* TASK REQUIREMENTS
Beginning at the top of the data below, restate every line word for word until the line containing "Canvas Painting - Elephant" has been included, and omit the pictures.

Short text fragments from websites
╔══

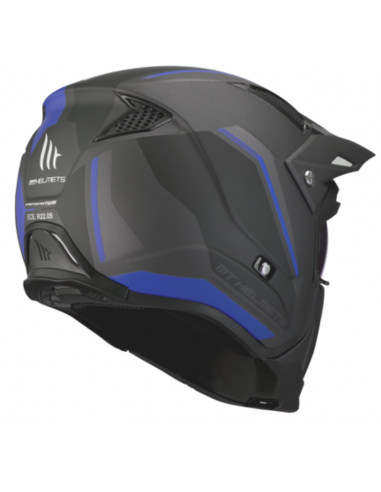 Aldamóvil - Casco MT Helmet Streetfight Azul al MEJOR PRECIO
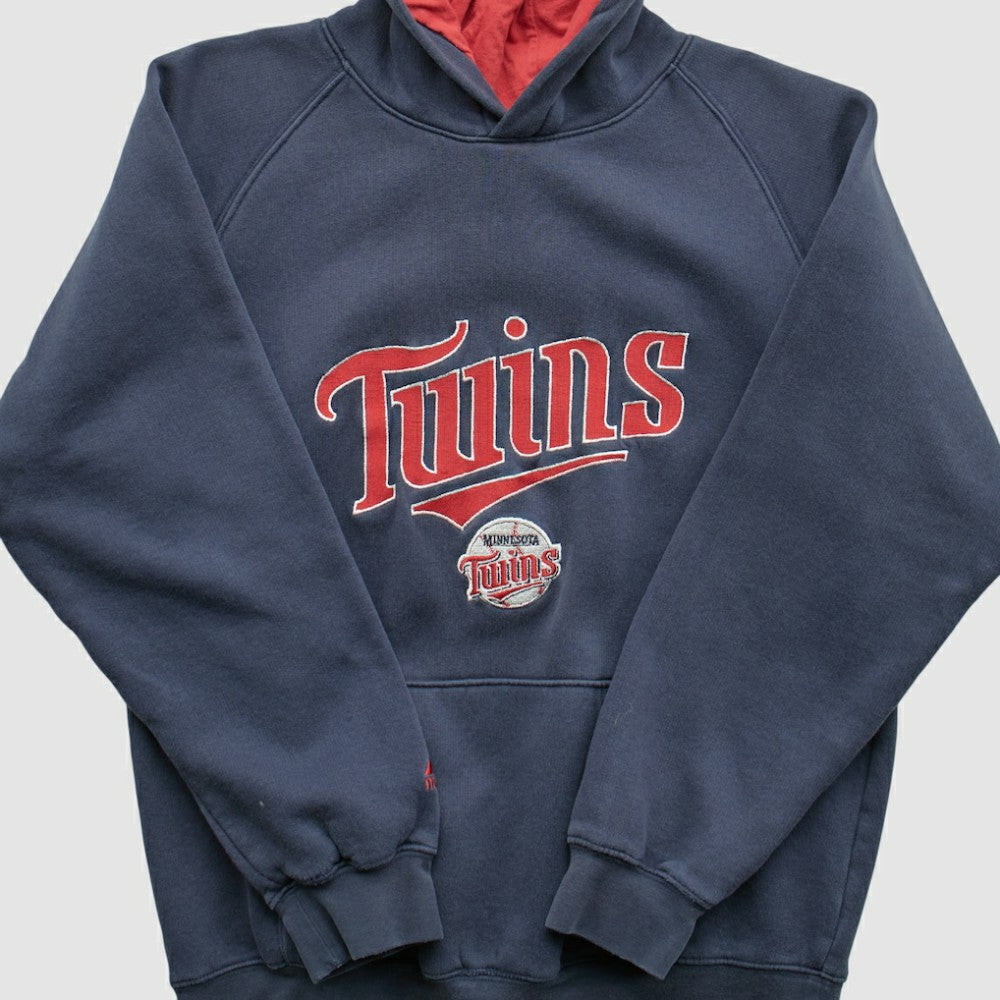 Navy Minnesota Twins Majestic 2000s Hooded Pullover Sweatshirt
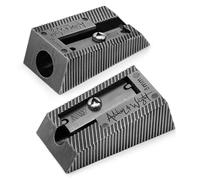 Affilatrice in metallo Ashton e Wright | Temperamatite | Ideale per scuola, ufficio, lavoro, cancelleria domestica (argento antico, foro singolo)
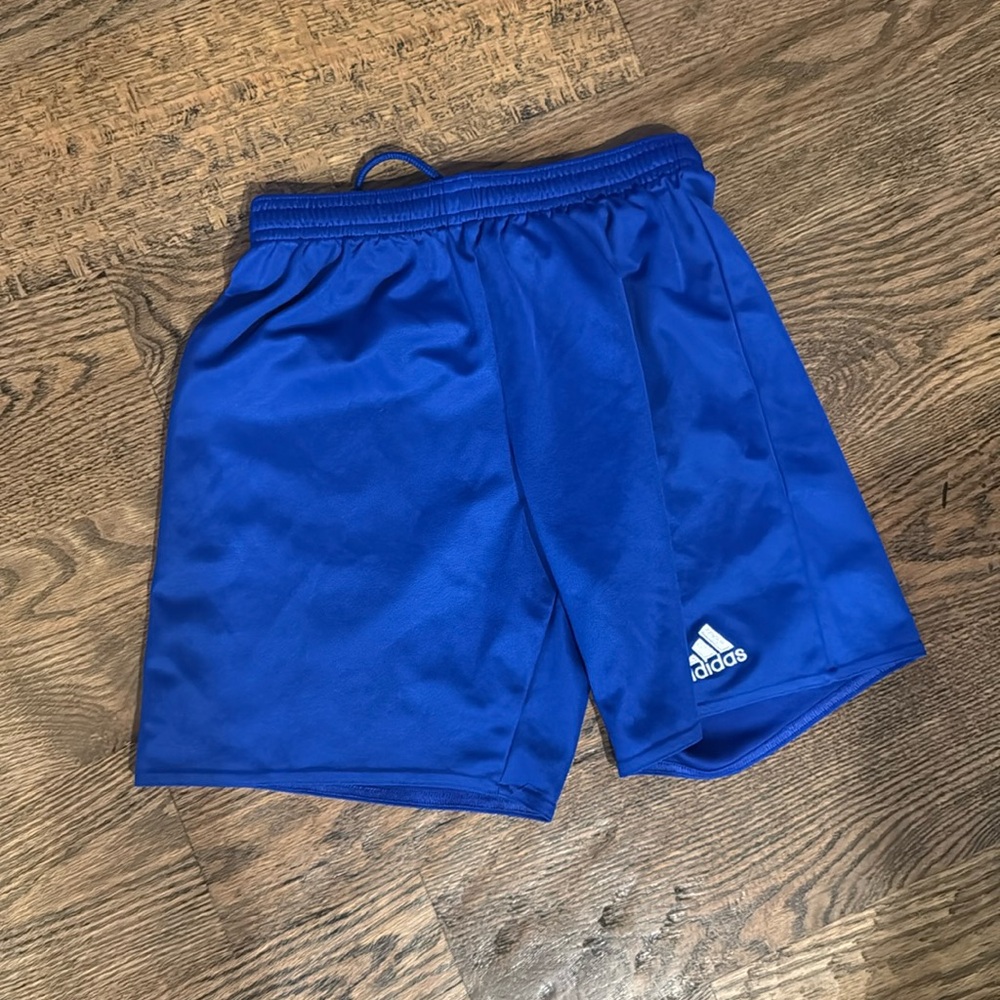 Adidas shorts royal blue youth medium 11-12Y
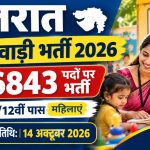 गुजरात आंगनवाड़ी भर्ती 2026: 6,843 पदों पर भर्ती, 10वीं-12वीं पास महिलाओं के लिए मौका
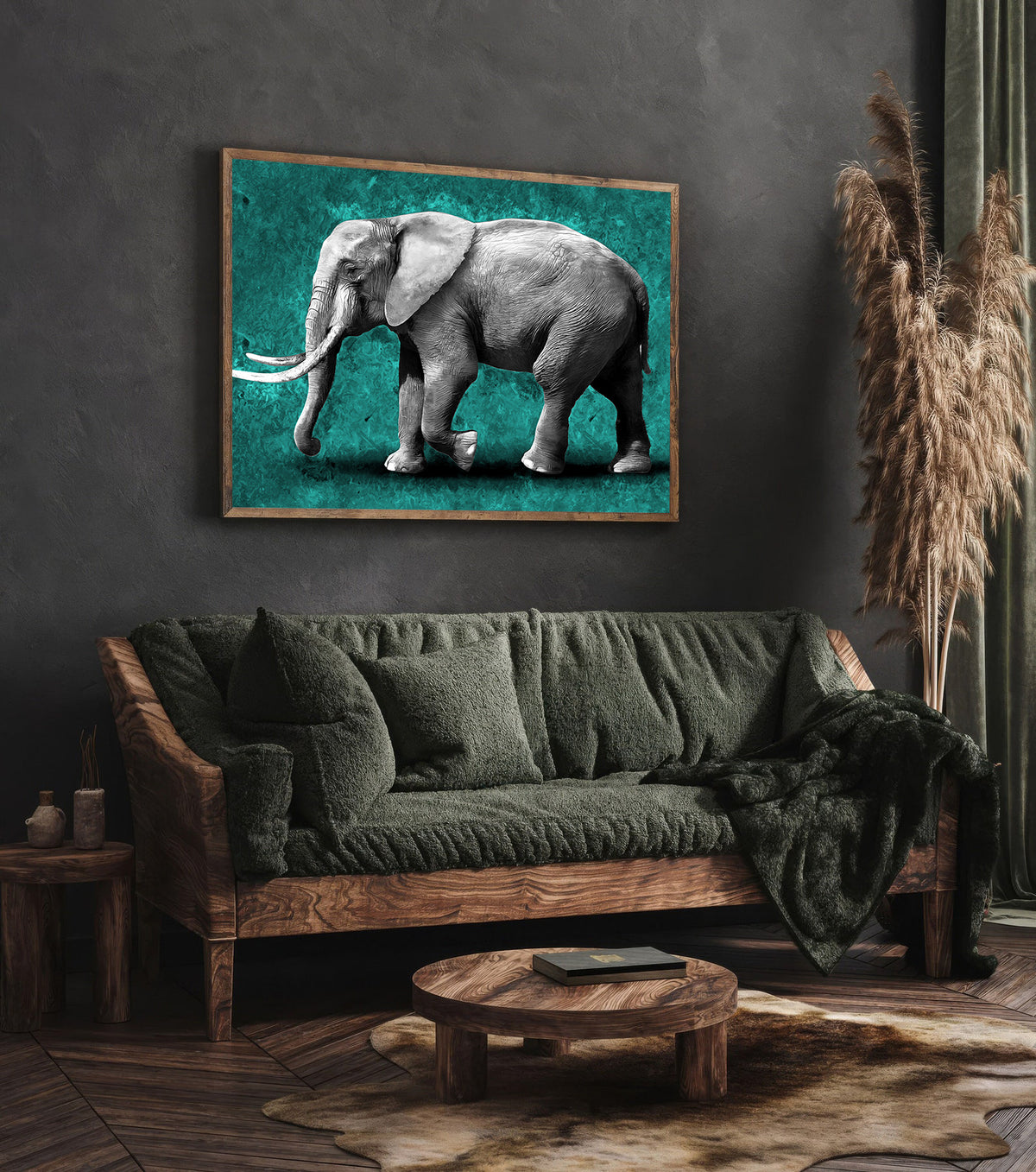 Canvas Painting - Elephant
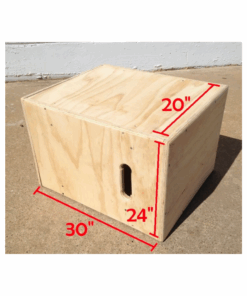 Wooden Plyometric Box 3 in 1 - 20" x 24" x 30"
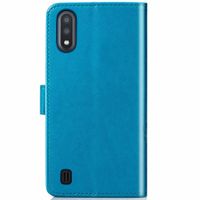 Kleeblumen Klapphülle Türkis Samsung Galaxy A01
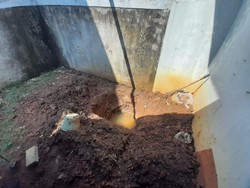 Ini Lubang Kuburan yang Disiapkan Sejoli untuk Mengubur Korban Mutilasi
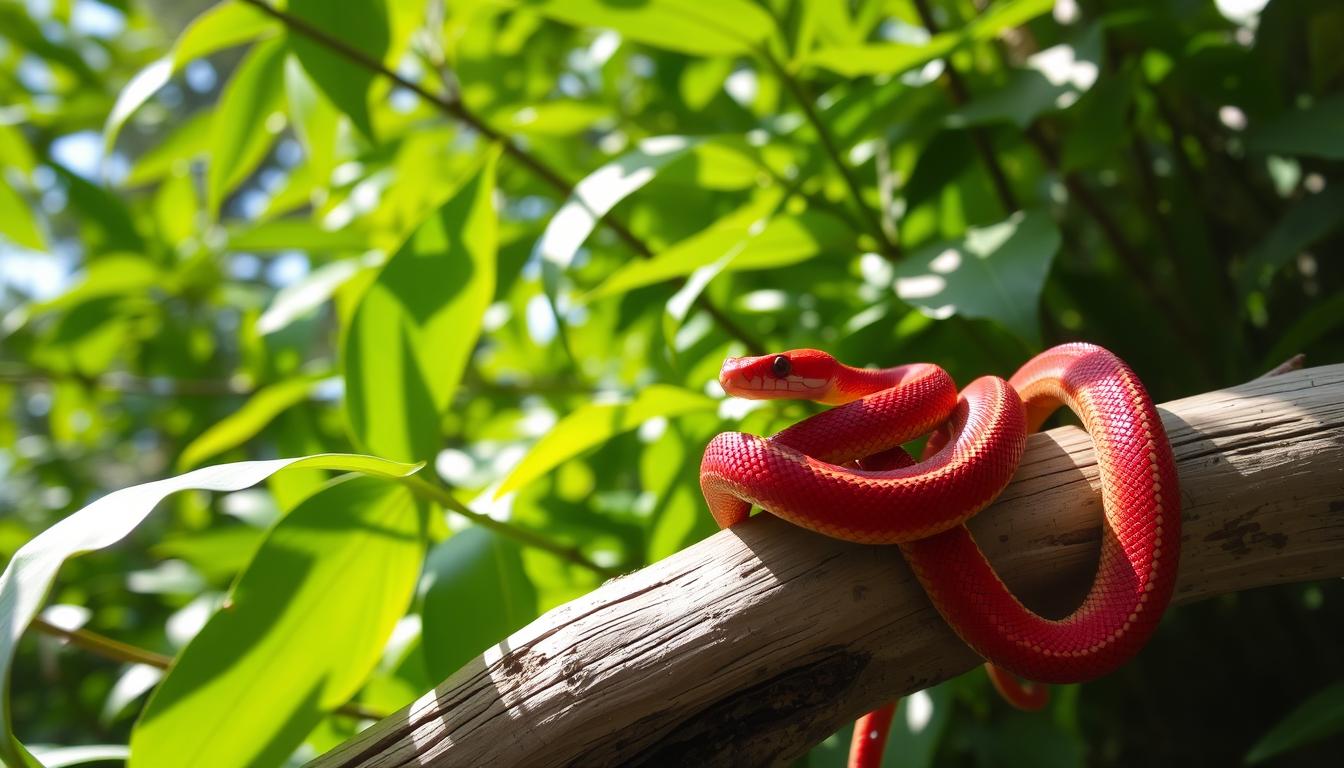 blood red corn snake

╚══

* SOLUTION
 Aldamóvil - Casco MT Helmet Streetfight Azul al MEJOR PRECIO
 Navy Minnesota Twins Majestic 2000s Hooded Pullover Sweatshirt
 Affilatrice in metallo Ashton e Wright | Temperamatite | Ideale per scuola, ufficio, lavoro, cancelleria domestica (argento antico, foro singolo)
 Adidas shorts royal blue youth medium 11-12Y
 गुजरात आंगनवाड़ी भर्ती 2026: 6,843 पदों पर भर्ती, 10वीं-12वीं पास महिलाओं के लिए मौका
 Canvas Painting - Elephant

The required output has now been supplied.